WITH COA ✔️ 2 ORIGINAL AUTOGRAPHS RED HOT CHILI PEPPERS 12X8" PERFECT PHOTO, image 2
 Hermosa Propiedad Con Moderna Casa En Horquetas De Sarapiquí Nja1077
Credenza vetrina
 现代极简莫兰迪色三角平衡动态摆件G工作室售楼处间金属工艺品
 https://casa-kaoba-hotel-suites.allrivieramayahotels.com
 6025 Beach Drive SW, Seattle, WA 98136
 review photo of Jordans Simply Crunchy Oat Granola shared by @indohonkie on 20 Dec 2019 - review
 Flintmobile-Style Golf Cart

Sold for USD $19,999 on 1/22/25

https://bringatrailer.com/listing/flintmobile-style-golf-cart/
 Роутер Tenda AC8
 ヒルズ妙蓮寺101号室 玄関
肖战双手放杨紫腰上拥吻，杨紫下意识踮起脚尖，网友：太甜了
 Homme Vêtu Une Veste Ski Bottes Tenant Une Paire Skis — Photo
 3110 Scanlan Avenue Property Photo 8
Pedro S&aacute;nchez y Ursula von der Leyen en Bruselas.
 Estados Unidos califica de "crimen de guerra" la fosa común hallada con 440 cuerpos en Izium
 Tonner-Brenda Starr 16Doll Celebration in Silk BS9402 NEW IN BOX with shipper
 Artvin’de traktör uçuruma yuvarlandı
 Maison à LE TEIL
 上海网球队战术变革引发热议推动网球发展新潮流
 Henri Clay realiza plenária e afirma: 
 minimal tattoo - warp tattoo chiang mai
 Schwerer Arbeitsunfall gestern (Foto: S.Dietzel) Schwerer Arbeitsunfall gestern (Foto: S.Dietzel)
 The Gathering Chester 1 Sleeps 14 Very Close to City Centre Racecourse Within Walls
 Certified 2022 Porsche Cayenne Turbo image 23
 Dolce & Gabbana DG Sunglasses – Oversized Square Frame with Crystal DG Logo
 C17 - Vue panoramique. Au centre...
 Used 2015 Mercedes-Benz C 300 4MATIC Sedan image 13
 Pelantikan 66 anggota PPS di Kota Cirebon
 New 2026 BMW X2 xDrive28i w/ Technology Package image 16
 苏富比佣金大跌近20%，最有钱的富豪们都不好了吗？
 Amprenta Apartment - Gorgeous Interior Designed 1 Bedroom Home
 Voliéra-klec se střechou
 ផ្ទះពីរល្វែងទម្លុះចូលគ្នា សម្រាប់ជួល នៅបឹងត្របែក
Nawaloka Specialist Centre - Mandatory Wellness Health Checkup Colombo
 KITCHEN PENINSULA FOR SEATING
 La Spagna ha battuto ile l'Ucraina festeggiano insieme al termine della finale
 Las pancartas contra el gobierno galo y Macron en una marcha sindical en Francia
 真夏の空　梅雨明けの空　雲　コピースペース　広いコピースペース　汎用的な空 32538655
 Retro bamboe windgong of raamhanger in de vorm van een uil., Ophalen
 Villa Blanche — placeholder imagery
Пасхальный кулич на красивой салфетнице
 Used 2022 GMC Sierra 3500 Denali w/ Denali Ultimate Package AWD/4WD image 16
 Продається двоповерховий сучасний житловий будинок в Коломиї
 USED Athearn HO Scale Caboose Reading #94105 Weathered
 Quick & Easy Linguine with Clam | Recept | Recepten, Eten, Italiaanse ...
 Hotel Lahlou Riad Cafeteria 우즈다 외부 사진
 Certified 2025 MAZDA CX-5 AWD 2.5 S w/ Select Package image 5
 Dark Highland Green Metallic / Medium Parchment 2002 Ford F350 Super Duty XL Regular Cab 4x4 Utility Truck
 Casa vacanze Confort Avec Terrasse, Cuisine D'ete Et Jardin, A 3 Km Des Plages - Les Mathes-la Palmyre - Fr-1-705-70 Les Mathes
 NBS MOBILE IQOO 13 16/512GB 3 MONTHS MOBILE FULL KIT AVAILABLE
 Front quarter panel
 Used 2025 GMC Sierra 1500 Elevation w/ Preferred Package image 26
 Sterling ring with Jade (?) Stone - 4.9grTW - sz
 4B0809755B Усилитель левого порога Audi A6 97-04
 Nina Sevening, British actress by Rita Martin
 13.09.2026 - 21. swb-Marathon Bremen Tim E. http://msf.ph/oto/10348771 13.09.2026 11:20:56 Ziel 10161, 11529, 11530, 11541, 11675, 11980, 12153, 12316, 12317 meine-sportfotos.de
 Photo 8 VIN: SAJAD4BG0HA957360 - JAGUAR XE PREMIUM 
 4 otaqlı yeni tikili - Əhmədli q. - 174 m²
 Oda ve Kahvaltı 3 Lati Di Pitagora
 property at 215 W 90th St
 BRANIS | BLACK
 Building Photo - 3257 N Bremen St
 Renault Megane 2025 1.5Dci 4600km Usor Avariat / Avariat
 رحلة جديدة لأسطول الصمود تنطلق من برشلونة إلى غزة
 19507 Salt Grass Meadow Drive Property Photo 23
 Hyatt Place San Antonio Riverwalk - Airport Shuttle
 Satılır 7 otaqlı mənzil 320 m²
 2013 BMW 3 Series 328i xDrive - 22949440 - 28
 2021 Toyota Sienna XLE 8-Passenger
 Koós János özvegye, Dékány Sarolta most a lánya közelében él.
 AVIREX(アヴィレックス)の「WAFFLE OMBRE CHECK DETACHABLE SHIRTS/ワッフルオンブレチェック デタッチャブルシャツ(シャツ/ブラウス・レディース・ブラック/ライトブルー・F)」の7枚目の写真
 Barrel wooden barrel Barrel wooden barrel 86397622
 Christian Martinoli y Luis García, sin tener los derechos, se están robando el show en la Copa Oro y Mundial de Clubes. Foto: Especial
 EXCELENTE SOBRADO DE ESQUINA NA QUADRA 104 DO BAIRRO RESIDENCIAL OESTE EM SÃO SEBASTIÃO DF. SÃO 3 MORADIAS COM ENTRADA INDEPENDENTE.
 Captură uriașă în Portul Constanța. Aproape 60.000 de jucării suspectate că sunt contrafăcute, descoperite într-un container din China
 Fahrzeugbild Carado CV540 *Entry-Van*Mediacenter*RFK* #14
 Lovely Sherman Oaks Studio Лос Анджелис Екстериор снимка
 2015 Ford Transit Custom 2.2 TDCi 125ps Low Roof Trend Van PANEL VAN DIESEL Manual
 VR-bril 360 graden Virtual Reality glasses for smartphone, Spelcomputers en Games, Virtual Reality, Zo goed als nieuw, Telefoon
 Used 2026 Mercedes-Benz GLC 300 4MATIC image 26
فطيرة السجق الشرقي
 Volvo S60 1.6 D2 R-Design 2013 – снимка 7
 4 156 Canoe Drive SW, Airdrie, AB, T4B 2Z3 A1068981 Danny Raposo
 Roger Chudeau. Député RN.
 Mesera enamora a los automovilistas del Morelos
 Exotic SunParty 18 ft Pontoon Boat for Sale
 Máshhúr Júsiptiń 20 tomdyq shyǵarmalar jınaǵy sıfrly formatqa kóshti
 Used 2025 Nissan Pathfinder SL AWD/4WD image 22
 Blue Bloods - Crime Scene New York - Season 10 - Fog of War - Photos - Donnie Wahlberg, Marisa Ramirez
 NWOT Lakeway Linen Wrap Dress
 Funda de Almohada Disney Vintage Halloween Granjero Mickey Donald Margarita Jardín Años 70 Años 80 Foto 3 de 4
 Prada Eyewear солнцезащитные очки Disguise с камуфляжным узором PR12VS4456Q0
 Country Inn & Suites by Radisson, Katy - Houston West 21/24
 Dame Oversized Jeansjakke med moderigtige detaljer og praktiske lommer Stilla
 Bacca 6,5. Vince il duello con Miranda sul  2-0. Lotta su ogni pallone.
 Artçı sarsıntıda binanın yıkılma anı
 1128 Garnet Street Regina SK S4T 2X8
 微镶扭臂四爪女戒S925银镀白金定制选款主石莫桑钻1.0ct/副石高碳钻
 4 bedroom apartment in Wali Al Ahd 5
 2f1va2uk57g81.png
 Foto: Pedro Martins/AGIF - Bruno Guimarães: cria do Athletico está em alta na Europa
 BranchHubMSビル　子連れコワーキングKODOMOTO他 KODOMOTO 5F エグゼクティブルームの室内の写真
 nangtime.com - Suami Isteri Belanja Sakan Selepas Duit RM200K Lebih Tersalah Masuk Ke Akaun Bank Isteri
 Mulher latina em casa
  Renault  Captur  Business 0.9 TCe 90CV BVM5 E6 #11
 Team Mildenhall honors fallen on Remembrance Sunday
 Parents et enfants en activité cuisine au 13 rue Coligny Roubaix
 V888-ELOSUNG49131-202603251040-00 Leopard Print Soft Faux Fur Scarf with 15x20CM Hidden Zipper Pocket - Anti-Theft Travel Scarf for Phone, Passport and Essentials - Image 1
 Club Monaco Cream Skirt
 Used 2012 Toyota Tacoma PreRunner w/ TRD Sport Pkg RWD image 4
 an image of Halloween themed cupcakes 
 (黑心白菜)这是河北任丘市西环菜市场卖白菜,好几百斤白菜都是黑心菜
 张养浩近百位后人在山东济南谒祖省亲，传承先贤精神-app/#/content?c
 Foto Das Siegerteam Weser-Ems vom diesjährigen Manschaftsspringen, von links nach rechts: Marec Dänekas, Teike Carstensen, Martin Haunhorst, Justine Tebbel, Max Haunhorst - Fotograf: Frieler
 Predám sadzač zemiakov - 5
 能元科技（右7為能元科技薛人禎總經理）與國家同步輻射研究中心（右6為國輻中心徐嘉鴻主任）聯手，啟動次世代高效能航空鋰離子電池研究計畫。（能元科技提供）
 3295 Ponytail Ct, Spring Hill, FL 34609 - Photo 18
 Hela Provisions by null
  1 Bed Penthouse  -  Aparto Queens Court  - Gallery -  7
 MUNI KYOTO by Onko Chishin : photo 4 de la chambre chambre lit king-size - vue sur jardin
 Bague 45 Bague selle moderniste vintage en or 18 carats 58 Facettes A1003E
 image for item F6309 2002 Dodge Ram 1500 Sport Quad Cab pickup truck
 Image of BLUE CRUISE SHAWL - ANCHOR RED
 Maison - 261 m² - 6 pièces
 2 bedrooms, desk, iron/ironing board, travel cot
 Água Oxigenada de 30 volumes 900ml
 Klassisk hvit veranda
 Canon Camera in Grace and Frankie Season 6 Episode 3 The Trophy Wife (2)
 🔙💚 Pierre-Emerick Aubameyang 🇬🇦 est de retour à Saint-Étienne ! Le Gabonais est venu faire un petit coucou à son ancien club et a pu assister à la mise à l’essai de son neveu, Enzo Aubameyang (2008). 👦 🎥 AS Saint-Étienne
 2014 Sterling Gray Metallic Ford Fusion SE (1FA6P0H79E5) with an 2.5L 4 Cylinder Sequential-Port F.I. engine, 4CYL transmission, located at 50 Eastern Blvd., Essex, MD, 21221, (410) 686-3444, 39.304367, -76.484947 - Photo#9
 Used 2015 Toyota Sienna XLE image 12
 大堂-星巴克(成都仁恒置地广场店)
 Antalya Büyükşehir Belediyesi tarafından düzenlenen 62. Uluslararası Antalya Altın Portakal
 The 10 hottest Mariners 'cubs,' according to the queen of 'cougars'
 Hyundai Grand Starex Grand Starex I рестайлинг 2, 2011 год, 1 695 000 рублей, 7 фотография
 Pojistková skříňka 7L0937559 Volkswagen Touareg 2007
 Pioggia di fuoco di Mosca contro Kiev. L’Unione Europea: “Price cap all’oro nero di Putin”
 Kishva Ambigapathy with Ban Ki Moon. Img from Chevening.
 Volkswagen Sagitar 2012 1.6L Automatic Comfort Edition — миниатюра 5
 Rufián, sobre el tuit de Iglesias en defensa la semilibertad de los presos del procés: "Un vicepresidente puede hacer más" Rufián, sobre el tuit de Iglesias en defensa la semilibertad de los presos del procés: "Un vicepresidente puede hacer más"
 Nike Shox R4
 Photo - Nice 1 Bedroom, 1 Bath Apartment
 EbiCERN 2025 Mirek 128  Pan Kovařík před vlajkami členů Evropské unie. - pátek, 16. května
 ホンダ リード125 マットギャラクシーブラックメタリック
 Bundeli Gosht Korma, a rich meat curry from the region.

* * *

_Work item_
Could you please copy the lines of the listing above exactly, from its first line through the line bearing "minimal tattoo - warp tattoo chiang mai", and nothing more?

_Response below_
WITH COA ✔️ 2 ORIGINAL AUTOGRAPHS RED HOT CHILI PEPPERS 12X8" PERFECT PHOTO, image 2
 Hermosa Propiedad Con Moderna Casa En Horquetas De Sarapiquí Nja1077
Credenza vetrina
 现代极简莫兰迪色三角平衡动态摆件G工作室售楼处间金属工艺品
 https://casa-kaoba-hotel-suites.allrivieramayahotels.com
 6025 Beach Drive SW, Seattle, WA 98136
 review photo of Jordans Simply Crunchy Oat Granola shared by @indohonkie on 20 Dec 2019 - review
 Flintmobile-Style Golf Cart

Sold for USD $19,999 on 1/22/25

https://bringatrailer.com/listing/flintmobile-style-golf-cart/
 Роутер Tenda AC8
 ヒルズ妙蓮寺101号室 玄関
肖战双手放杨紫腰上拥吻，杨紫下意识踮起脚尖，网友：太甜了
 Homme Vêtu Une Veste Ski Bottes Tenant Une Paire Skis — Photo
 3110 Scanlan Avenue Property Photo 8
Pedro S&aacute;nchez y Ursula von der Leyen en Bruselas.
 Estados Unidos califica de "crimen de guerra" la fosa común hallada con 440 cuerpos en Izium
 Tonner-Brenda Starr 16Doll Celebration in Silk BS9402 NEW IN BOX with shipper
 Artvin’de traktör uçuruma yuvarlandı
 Maison à LE TEIL
 上海网球队战术变革引发热议推动网球发展新潮流
 Henri Clay realiza plenária e afirma: 
 minimal tattoo - warp tattoo chiang mai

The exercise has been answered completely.